In the bowl of a stand mixer (you can use a regular mixer if necessary), add in the flour, baking powder, salt and Chinese 5-spice powder (if using).
In a separate bowl, add in the warm water, sugar, yeast and give it a stir. Let the yeast activate and pour it into the flour mixture.
Using the dough hook, knead the dough until it is smooth, about 7-8 minutes.
Cover the dough and let it rest in a warm location, about 1 hour.
Once the dough has risen, divide the dough into 6 equal portions, about 70g each.
Roll out the dough with a rolling pin into a long oval. Next, roll it up lengthwise. Then, coil it up like a snail and press down to flatten to about 3" in diameter.

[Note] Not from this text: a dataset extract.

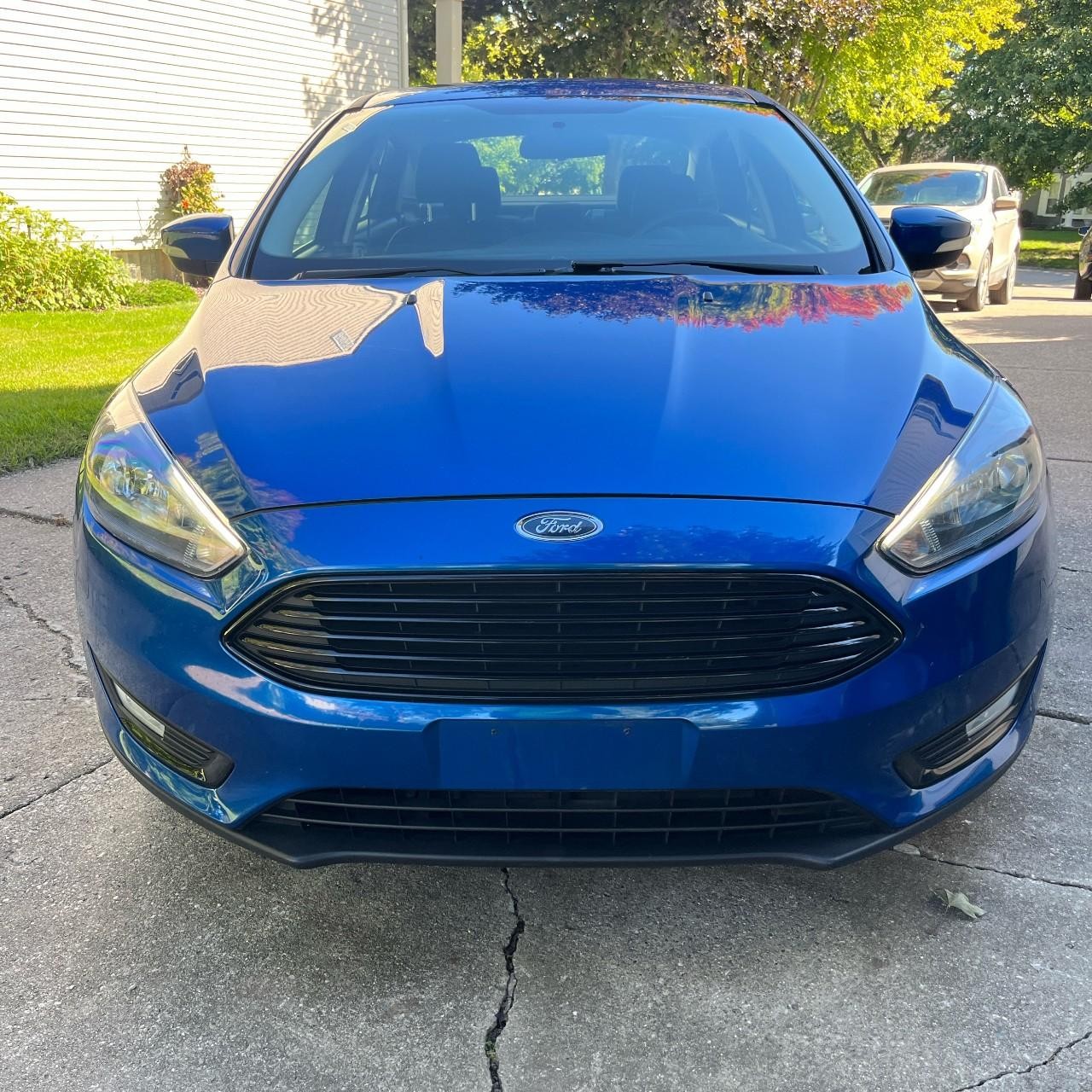 Ford Focus Vehicle Full-screen Gallery Image 8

Place the dough onto a baking sheet lined with parchment paper.
Repeat with the remaining dough.
Cover the dough and let it rest for about 20 minutes. It will become slightly puffy.
Preheat a flat griddle (or a frying pan) over medium high heat and lay the dough onto the griddle (or pan). (I could fit 6 on my griddle, but if you're using a frying pan, you may be able to fit up to 2).
Lay a large parchment paper over top of the dough and use the back of another fry pan or similar sized pan to press firmly on top of the dough. Let the pan sit on top for 1 minute before carefully flipping it over to cover the dough.
Lower the heat to minimum and cook for about 5 minutes on one side.
Remove the top pan and flip the dough. Cook for another 5 minutes until golden brown in colour.